Russia and China, Challenges for Liberal Democracy
Liberal democracy faces a new and decisive challenge — figuring out how to deal with the “post-Communist oligarchies” of Russia and China. These regimes — authoritarian, capitalist and eagerly integrated into the global economy — are without precedent. Figuring out how to deal with them is the greatest strategic and moral question the West faces today. How we answer it will determine the shape of the 21st century, much as the struggle with Communism and fascism shaped the 20th.
Michael Ignatieff
This is the assertion Michael Ignatieff, the Canadian intellectual and former leader of the Liberal Party…
Central to Mr. Ignatieff’s argument is his insistence that [history]… isn’t marching toward any particular destination, including liberal democracy. “As late as [the 1930s], liberals still thought of their creed as being the wave of the future and thought of history as the story of liberty.” …

“It is a cliché of optimistic Western discourse on Russia and China that they must evolve toward democratic liberty,” Mr. Ignatieff argued. Sadly, though, we’re wrong: “But we should not assume there is any historical inevitability to liberal society.”…

Believing that the duo [of] “post-Communist oligarchies” are on the liberal capitalist path is comforting for the liberal capitalist companies that do business with them, too. After all, for all the kowtowing required to do business in Russia and China, the rewards are vast…

The optimistic cliché of inevitable liberal evolution is convenient and comforting. But that doesn’t make it right.

If Russia and China really are not marching inevitably toward liberal democracy, as Mr. Ignatieff argues, that is a problem not just for their repressed people, but also for us.

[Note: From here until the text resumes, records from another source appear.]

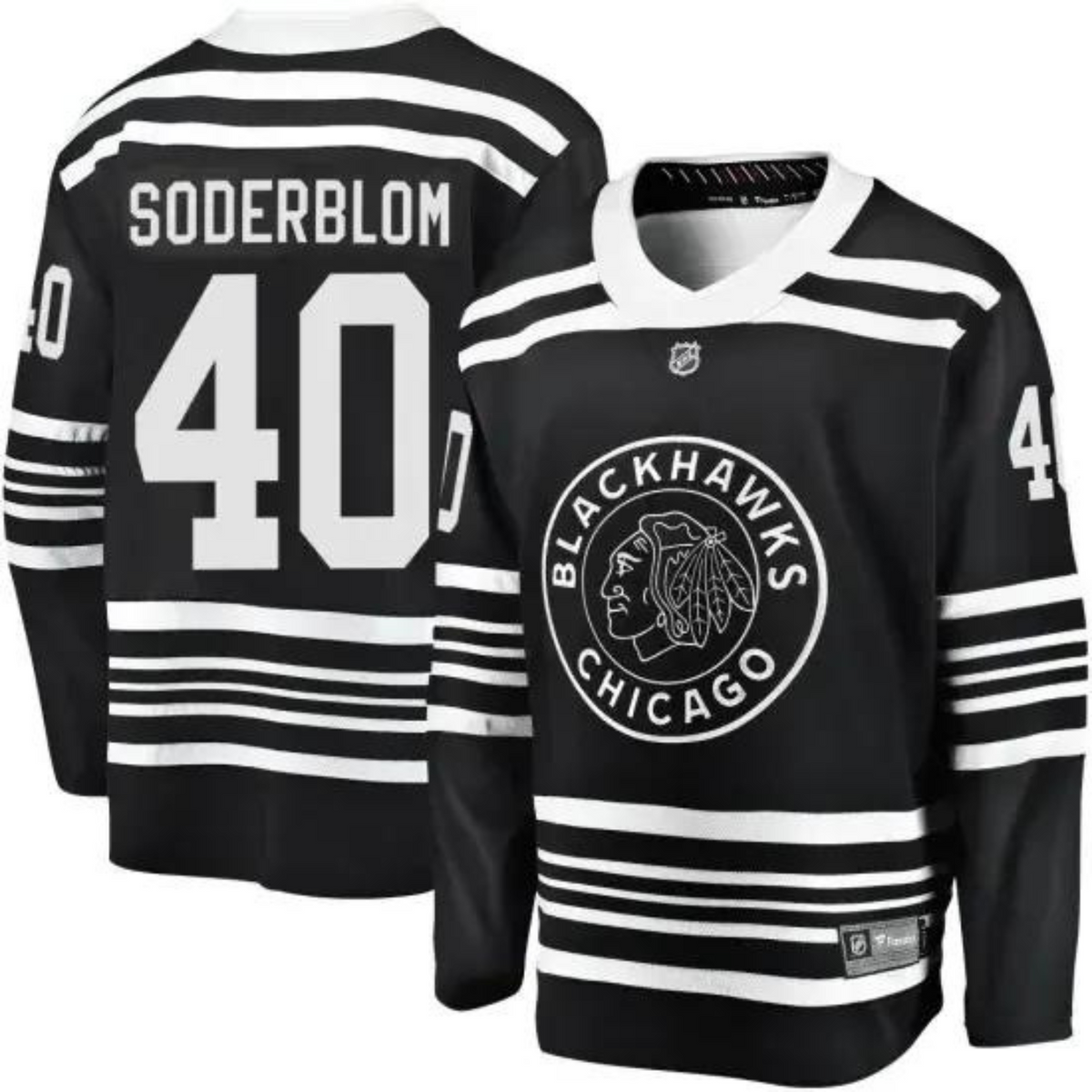 Arvid Soderblom Chicago Blackhawks 40 Jersey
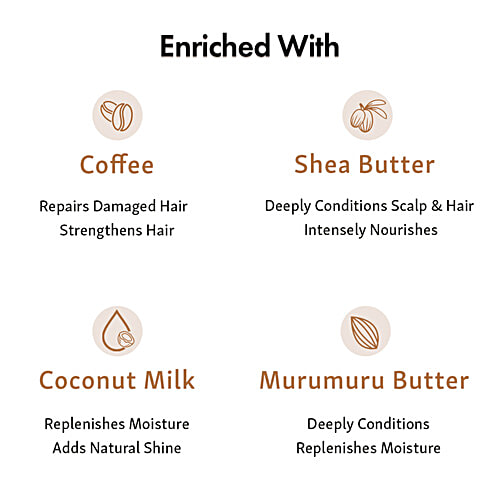Buy MCaffeine Naked & Raw Latte Coffee Hair Mask With Coconut Milk & Shea Butter Repairs
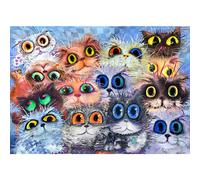 GZKLSMY DIY 5D Diamond Painting Kits for Adults & Kids - Cute Cat Full Drill Round Diamond Crystal Gem Arts Painting Perfect for Home Wall Decor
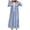 A-Blue94, variant on XIAONU Women's Lace Peter Pan Collar Nightgown Loose Long Sleeve V Neck Loungewear Soft Romantic Sleep Nightgowns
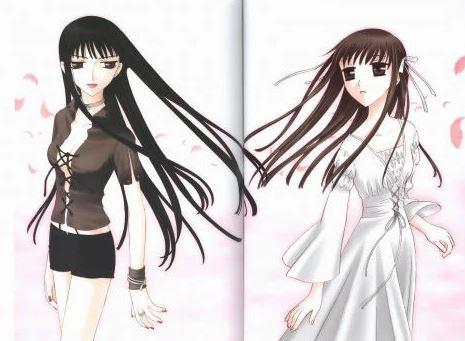 Dark femininity on the left, Light femininity on the right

Mr. Ignatieff says that our attitude toward Russia and China is a question of such great import because both countries “are attempting to demonstrate a novel proposition: that economic freedoms can be severed from political and civil freedom, and that freedom is divisible.”

He is right that this is the fundamental operating proposition of Russia and China, and he is right that it poses the most serious challenge that the very idea of liberal democracy faces anywhere today.